Two large Mexican drug cartels -- once thought to be reeling due to infighting, pressure from authorities, and constant assaults by rivals -- appear to be on the rise again, according to law enforcement and independent crime analysts.
The Gulf Cartel and the Beltran Leyva Organization have surged in various parts of the country, including critical, strategic drug production and trafficking corridors in northeast and western Mexico.
After a prolonged battle, the Gulf Cartel has taken control of most of the industrial hub of Monterrey, which was under the Zetas' domination since until at least 2010, when the latter broke from the Gulf and the two began a pitched battle across the northeast of the country.
Mexican and foreign government intelligence analysts, as well as the independent crime-watching service Southern Pulse, say at least three-quarters of Greater Monterrey Metropolitan -- which includes the municipalities of Apodaca, Garcia, General Escobedo, Guadalupe, Juarez, Monterrey, San Nicolas de los Garza, San Pedro Garza Garcia, Santa Catarina, and Santiago -- is under Gulf control now.
Monterrey is important for many reasons. The city lies along an important trafficking corridor leading to Nuevo Laredo, where more commercial vehicles cross into the United States than at any other point along the 3,169 km border.
The Zetas remain the power in Nuevo Laredo, and it is the de facto headquarters of the organization following the death Zetas leader Heriberto Lazcano , alias "Z-3," at the hands of Naval forces in October. The Zetas' new leader, Miguel Treviño, alias "Z-40," has long been based in the Nuevo Laredo area.

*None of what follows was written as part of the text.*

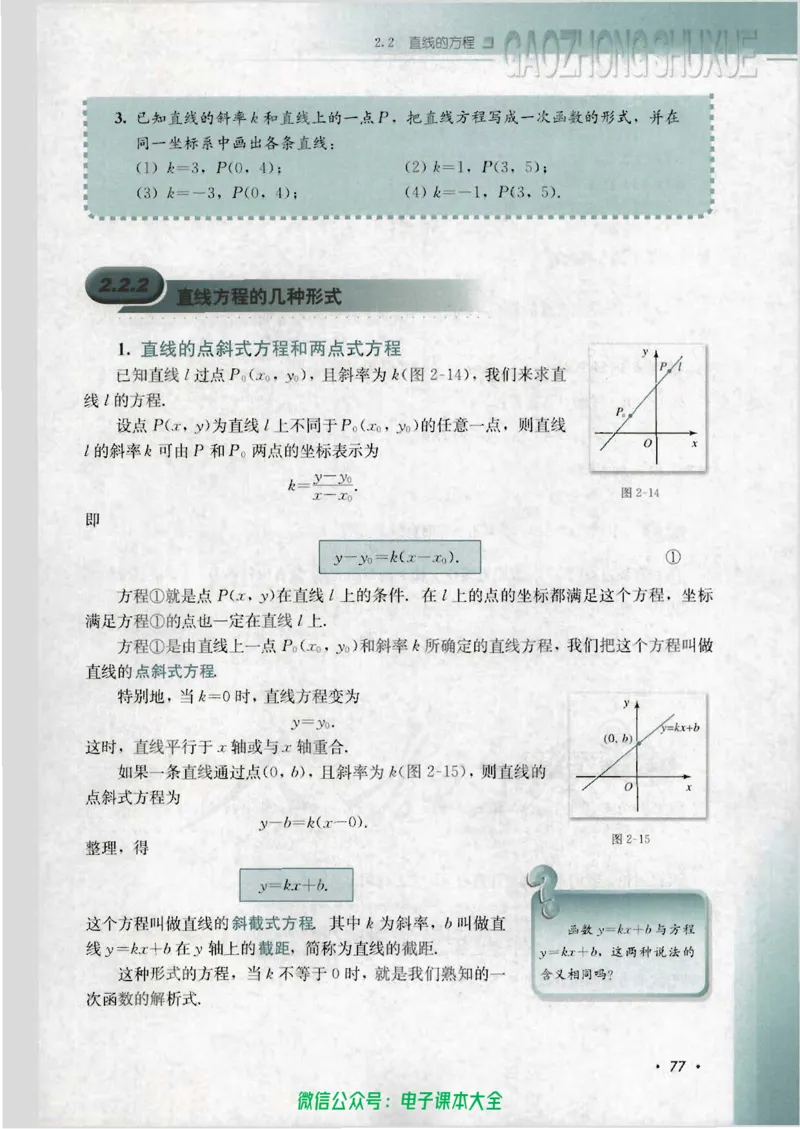 人教B版高中数学必修2_高中三年全科资料_高中_高中电子教材_旧教材_高中数学（人教旧版）_高中数学人教B版必修（5本）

Monterrey also has numerous sources of local revenue, which the Zetas, more than many other large Mexican criminal groups, use to sustain their forces and expand into new territories. The plethora of money-making operations in the city include local drug peddling, kidnapping, extortion and theft.
The steady erosion of the Zetas' stranglehold in the city has coincided with a drop in homicides. According to state government statistics, homicides in the municipality of Monterrey, for example, dropped to 11 in November, compared to 73 in August. (See statistics for all Greater Monterrey here)
The resurgence of the Gulf is even more surprising considering the recent arrest of the group's top leader Jorge Eduardo Costilla Sanchez , alias "El Coss." Security analysts consulted by InSight Crime speculated that this resurgence in Monterrey may also be related to the deterioration of the Zetas, who, in addition to losing their top leader, have suffered from infighting in recent months.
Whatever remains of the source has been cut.